Success - 95% Cured!!

Posted by Leon on 5/10/99
I know that there's a lot of people who check this site who have been suffering with this awful p.f. for a long, long time and who have tried everything without success. I'm offering my story in the hopes that some will be encouraged. I first noticed heel pain in early Nov., 1998 and started home remedies (rolling a golf ball along the bottom of my foot, using ice frozen in paper cups and peeling the paper away before using on my heel) in Dec. When that didn't help, I saw a podiatrist in mid-January. Here's what I wrote at the time:

"My podiatrist claims a 100% cure rate for p.f. using a combination of night splints and custom-made orthotics.
However, I've just started using night splints and my orthotics haven't arrived yet, so I can't advise you whether they
actually work or not. The ones I got through my podiatrist are expensive, but insurance covers 80%. If they work, it's
worth it, but I won't know for another 7 weeks or so. Good luck!" (1/20/99)

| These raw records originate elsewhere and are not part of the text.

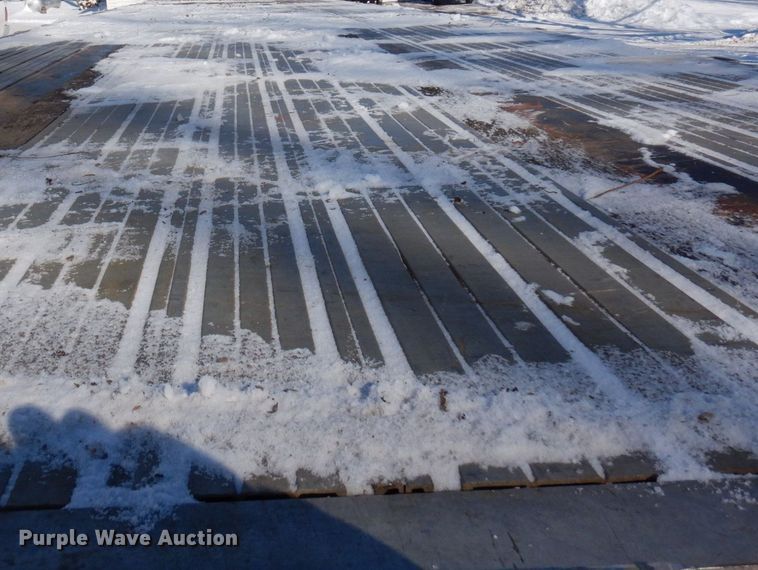 image for item KU9825 2000 Transcraft  flatbed trailer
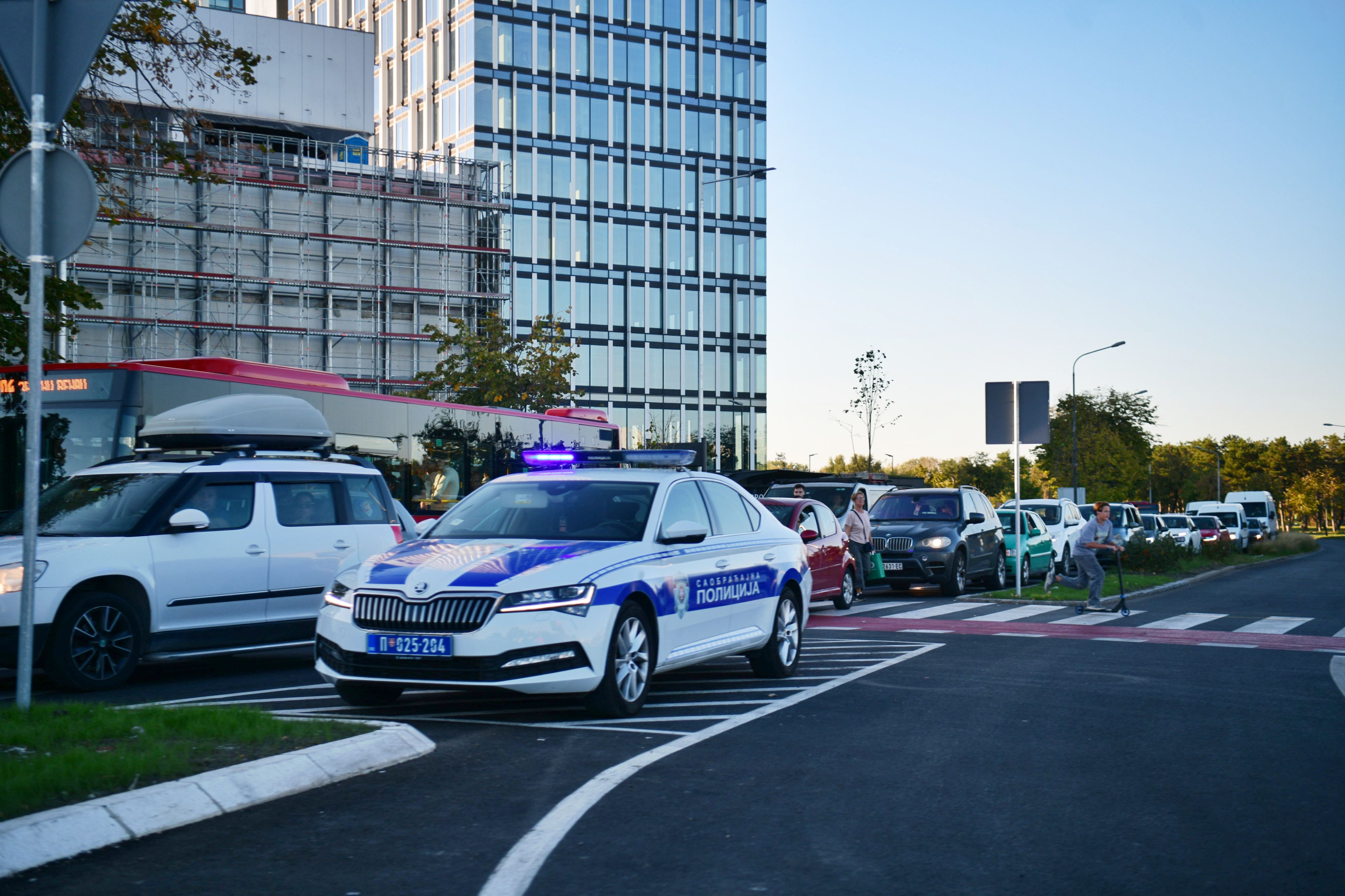 Beograd, 27.09.2024. saobražaj. gužva, policijska kola Foto: Filip Krainčanić/Nova.rs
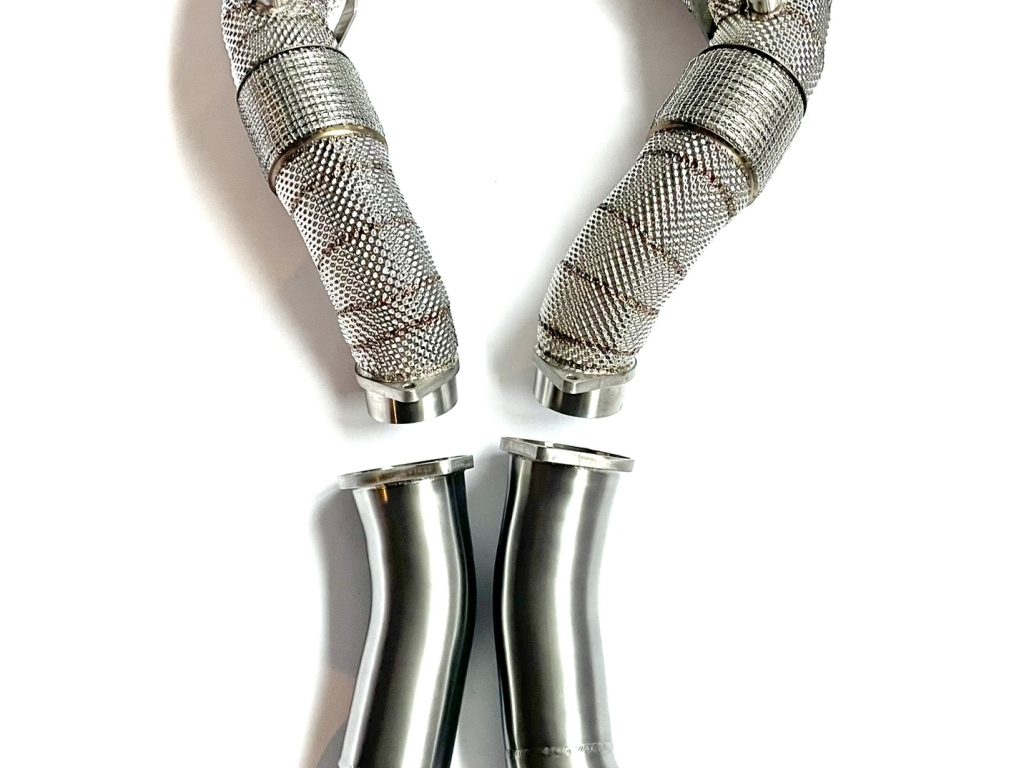 Downpipe-BMW-X5M-G05-4.4-Bi-Turbo-200-cells-met-hittenschild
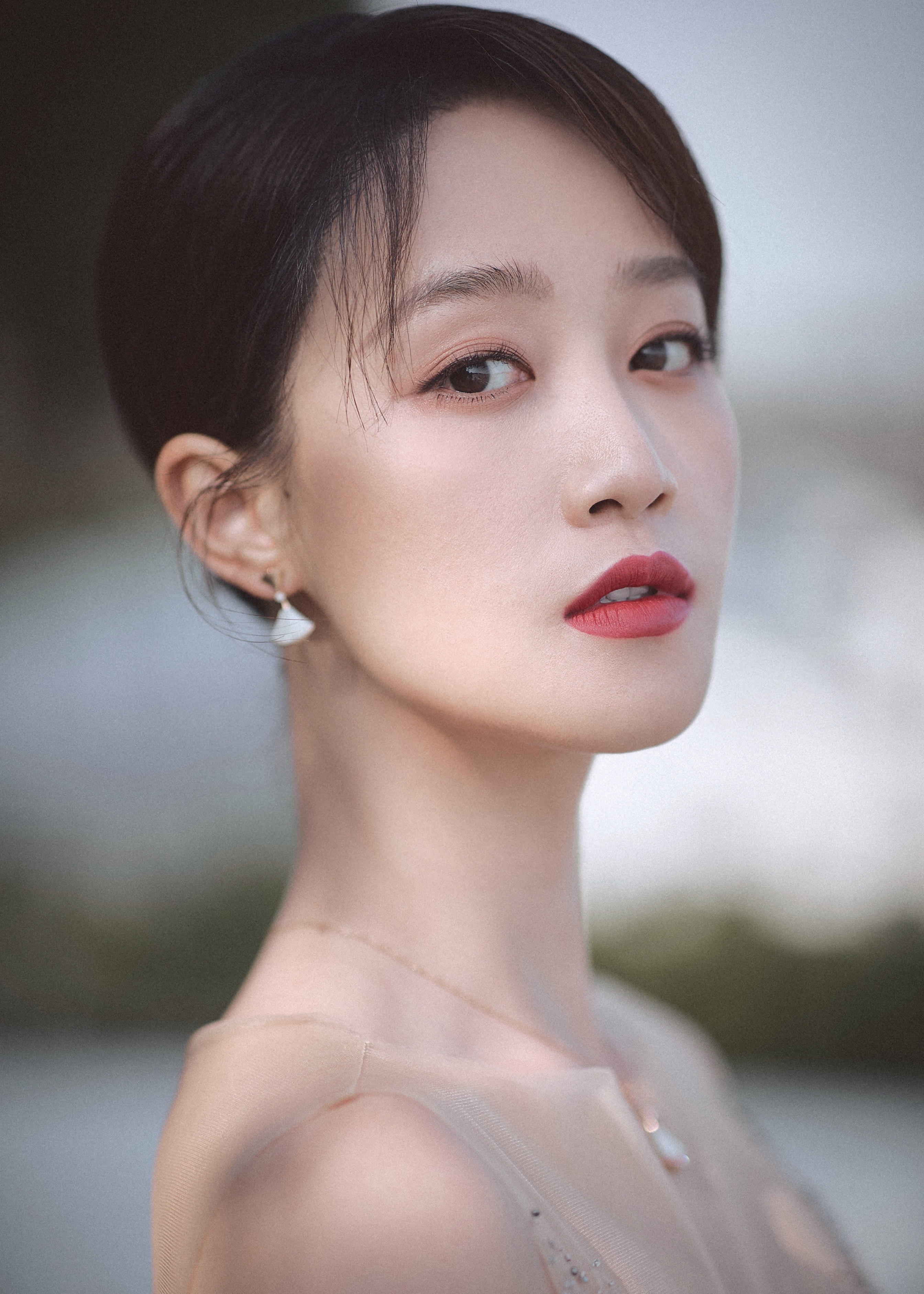 毕业于中央戏剧学院08级表演系本科班,中国内地影视女演员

I got my orthotics (very expensive - $395 and not covered by insurance) about 3 weeks later (early Feb. - the hard plastic kind) and have been wearing them all the time ever since I got them. At first, I hated them and for a couple of days felt pain shooting up my hip on one side. Then, my good foot (the one that didn't have the p.f. to begin with) felt like I was getting p.f. in it caused by the orthotics! Needless to say, I wasn't a happy camper and just worked with my podiatrist - telling him what I was feeling, when I was getting discouraged, etc. He suggested that I cut back on the # of hours that I wore the orthotics (although I didn't need to because the hip pain went away after a couple of days), started taping both feet when the second one began hurting, etc. but didn't waiver in his belief that the combination of the orthotics and the night splints would solve my problem. In mid-March, when I wasn't progressing as rapidly as he would have liked, he had me go to a physical therapist, who did ultra-sound treatments and massage on my heel, as well as ice and stimulation treatments. I ended up going to the p.t. for 9 visits, which were covered by insurance. One of the things the podiatrist and especially the physical therapist stressed was the importance of stretching (the p.t. recommended 4-5 times per day). I guess this is especially important as you get older - I'm a 47 year old male who has been running for 25+ years. Now, if I'm sitting at my desk and my heel aches, I go and stretch and the ache goes away. So it seems like I know what to do that will work for me, I just need to keep on doing it!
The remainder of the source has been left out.